● Task description:
A word-for-word retyping of the listing below is required, with the pictures dropped.

● Given records:
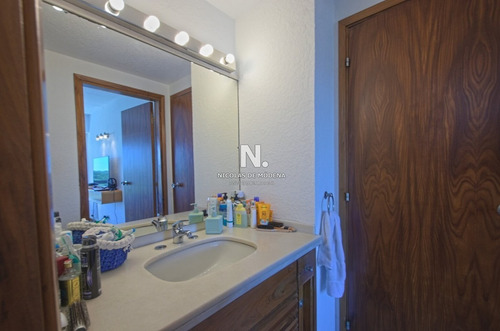 Apartamento En Venta Playa Mansa-ref:4371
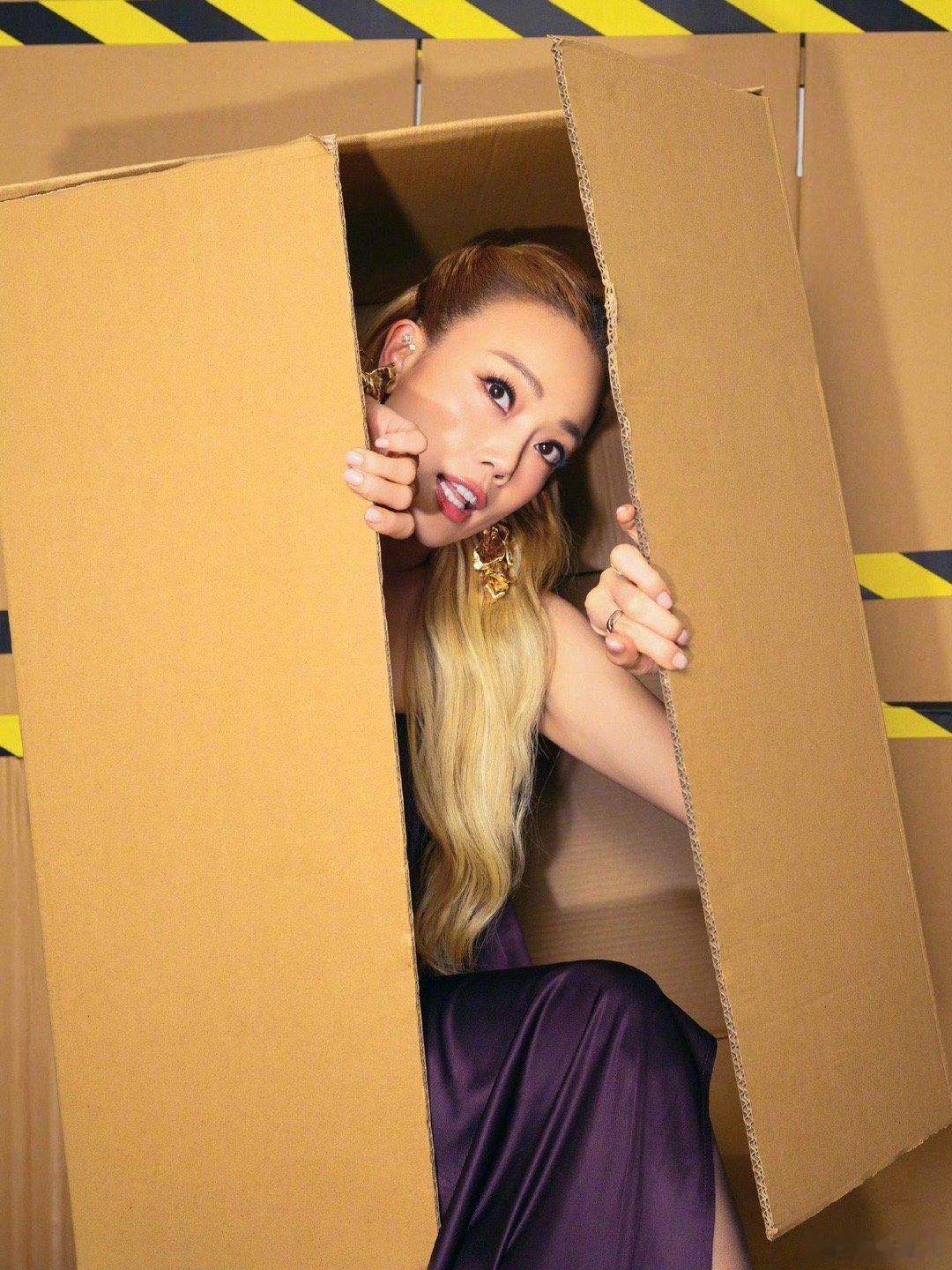 容祖儿 天后的尽头是小品 容祖儿搞笑女实锤！明明是乐坛天后，演被打表情生动炸裂，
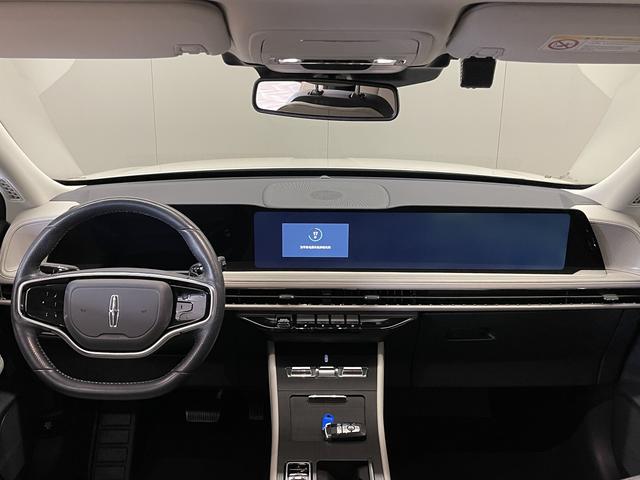 Lincoln Corsair 2023 2.0 T 2 WD — фото 18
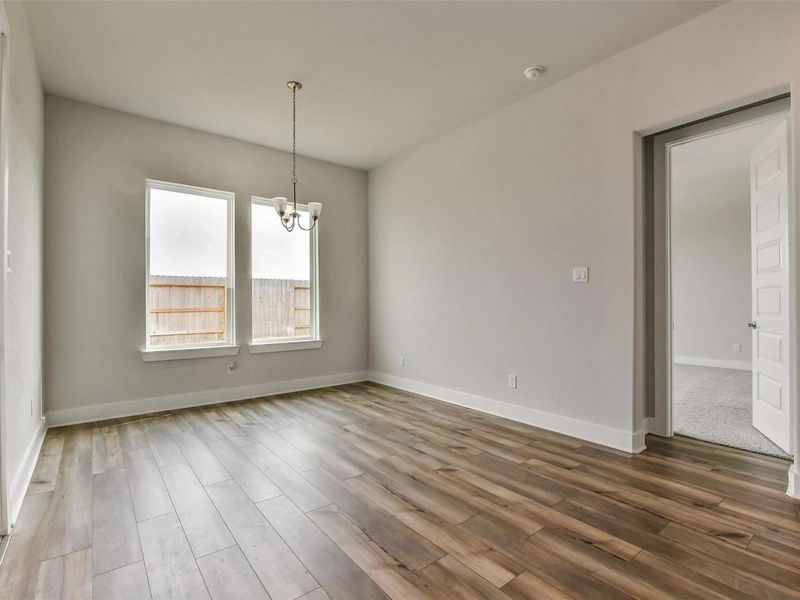 Spacious, unfurnished interior of a new home in Lago Mar, Texas City (Image 28).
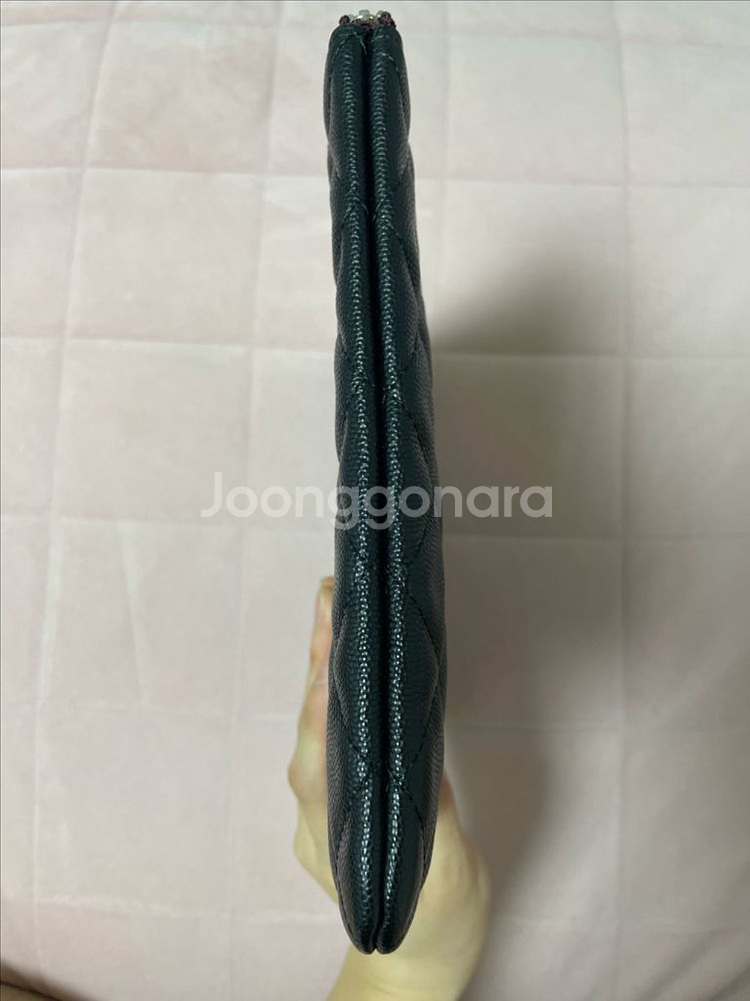 샤넬 캐비어 뉴미듐 클러치 (정품 아닐시 2배 보상)--9
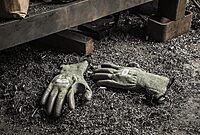 IRONCAT 6100 Metal Tamer TIG Welding Gloves - Fire-Resistant Silicone-Coated Palm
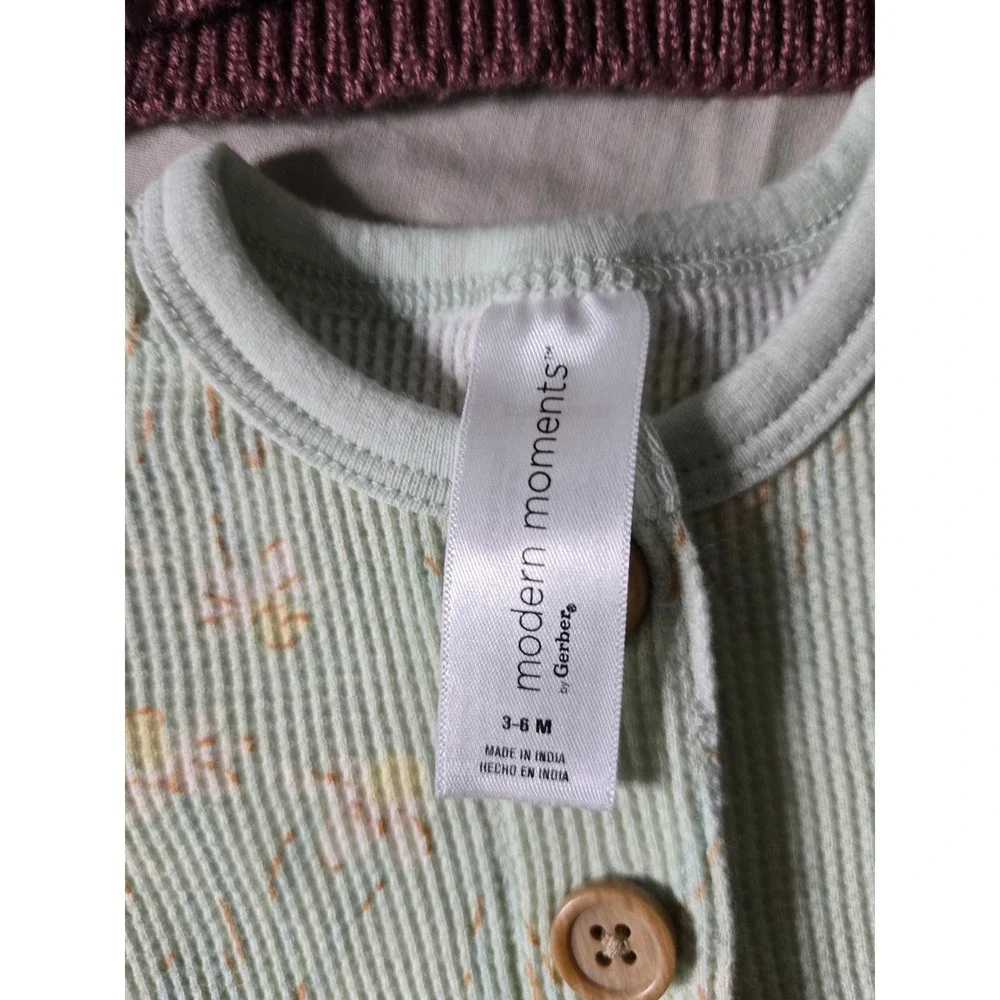 Modern Moments by Gerber Baby Girl 4 Piece Bundle Floral Romper Sweater‎ 3-6M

● Result:
 Apartamento En Venta Playa Mansa-ref:4371
 容祖儿 天后的尽头是小品 容祖儿搞笑女实锤！明明是乐坛天后，演被打表情生动炸裂，
 Lincoln Corsair 2023 2.0 T 2 WD — фото 18
 Spacious, unfurnished interior of a new home in Lago Mar, Texas City (Image 28).
 샤넬 캐비어 뉴미듐 클러치 (정품 아닐시 2배 보상)--9
 IRONCAT 6100 Metal Tamer TIG Welding Gloves - Fire-Resistant Silicone-Coated Palm
 Modern Moments by Gerber Baby Girl 4 Piece Bundle Floral Romper Sweater‎ 3-6M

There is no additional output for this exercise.